Todavia, como já na vigência do CC/1916 se ressalvava, a presunção de gratuidade pode ainda se infirmar, posto que não pelo pacto de retribuição ou pelo exercício profissional dos poderes outorgados, mas pelo quanto resulte das circunstâncias do caso, que façam acreditar na existência de convenção tácita, no dizer de Plácido e Silva (Tratado do mandato e prática das procurações, 4. ed., rio de Janeiro, Forense, 1989, v. I, p. 39). Conforme sua lição, as circunstâncias fáticas do caso podem bem levar à admissão de que tenha sido intenção das partes remunerar os serviços do mandatário. Pois se por qualquer das hipóteses examinadas havida remuneração, seu valor se estabelece pelo quanto preveja a lei ou o contrato. Mas, conforme está no parágrafo único do dispositivo em comento, omissos lei e contrato, a remuneração se fixará segundo os usos do lugar, ou seja, a praxe locar, se houver, ou, se não, de acordo com arbitramento judicial. Nesse caso, os salários do mandatário são arbitrados pelo juiz tomando-se em consideração o objeto do mandato, a dificuldade para sua execução e o proveito gerado. Vale aqui, de resto, socorro analógico aos mesmos critérios que a lei estabeleceu para o arbitramento dos honorários relativos ao mandato ad judicia, quando não convencionados, e que devem ser compatíveis com o trabalho realizado e com o valor econômico envolvido (art. 22, § 2º, da Lei n. 8.906/94). O arbitramento se fará em processo de conhecimento, formando título judicial executivo, em se tratando de mandatário profissional liberal mediante o rito sumário (CPC 1.063, sobre o conceito de profissional liberal, valendo conferir: MIRANDA, Gilson Delgado. Procedimento sumário. São Paulo, RT, 2000, p. 120-2). Por fim, diga-se que, se devidos, os honorários deverão ser pagos ainda que o negócio para o qual outorgado não surta os efeitos desejados, salvo culpa do mandatário, a propósito do que se remete ao comentário ao CC 676, infra. (Claudio Luiz Bueno de Godoy, apud Código Civil Comentado: Doutrina e Jurisprudência: Lei n. 10.406, de 10.02.2002. Coord. Cezar Peluso – Vários autores. 4ª ed. rev. e atual., p. 683 - Barueri, SP: Manole, 2010. Acesso 10/12/2019. Revista e atualizada nesta data por VD).

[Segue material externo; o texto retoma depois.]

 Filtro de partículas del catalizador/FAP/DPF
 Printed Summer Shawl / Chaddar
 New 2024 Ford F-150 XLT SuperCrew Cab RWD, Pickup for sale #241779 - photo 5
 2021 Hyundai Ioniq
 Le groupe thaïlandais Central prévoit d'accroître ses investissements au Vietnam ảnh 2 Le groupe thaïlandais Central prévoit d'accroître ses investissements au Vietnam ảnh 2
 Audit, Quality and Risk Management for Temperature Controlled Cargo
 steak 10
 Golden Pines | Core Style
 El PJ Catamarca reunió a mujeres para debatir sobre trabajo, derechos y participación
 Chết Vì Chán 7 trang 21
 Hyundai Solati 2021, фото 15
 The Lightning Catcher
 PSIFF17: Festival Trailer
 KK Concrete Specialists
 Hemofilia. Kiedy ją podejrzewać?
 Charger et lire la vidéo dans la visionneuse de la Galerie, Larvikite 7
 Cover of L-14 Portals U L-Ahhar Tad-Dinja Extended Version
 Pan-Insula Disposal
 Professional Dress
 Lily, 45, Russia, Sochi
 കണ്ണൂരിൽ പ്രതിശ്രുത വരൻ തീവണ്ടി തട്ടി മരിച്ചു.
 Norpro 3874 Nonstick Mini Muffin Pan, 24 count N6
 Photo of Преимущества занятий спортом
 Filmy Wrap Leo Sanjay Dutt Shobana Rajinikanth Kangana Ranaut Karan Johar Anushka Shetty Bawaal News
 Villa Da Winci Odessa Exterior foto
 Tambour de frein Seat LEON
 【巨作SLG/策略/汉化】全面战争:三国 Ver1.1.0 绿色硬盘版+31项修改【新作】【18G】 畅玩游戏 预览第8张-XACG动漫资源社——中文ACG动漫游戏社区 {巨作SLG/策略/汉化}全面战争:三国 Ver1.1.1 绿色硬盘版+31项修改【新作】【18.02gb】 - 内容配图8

Resumida na Doutrina apresentada por Ricardo Fiuza, é gratuito o mandato quando não se estipula remuneração ao mandatário. O silêncio das partes interessadas sobre a remuneração faz presumir até prova em contrário (presunção juris tantum), a gratuidade da função, sem direito a qualquer tipo de indenização. (Direito Civil - doutrina, Ricardo Fiuza – p. 353 apud Maria Helena Diniz Código Civil Comentado já impresso pdf 16ª ed., São Paulo, Saraiva, 2.012, pdf, Microsoft Word. Acesso em 10/12/2019, corrigido e aplicadas as devidas atualizações VD).

Na esteira de Marco Túlio de Carvalho Rocha, o mandato pode ser gratuito ou oneroso. No silêncio do contrato, será oneroso se outorgado para o exercício de profissão ou de atividade lucrativa do mandatário. Assim, por exemplo, embora a ética da advocacia exija que os honorários sejam expressos no momento da contratação, caso não o seja, , podem ser arbitrados, uma vez que o mandato judicial conferido a advogado visa a possibilitar o exercício profissional em benefício do outorgante. (Marco Túlio de Carvalho Rocha apud Direito.com acesso em 10.12.2019, corrigido e aplicadas as devidas atualizações VD).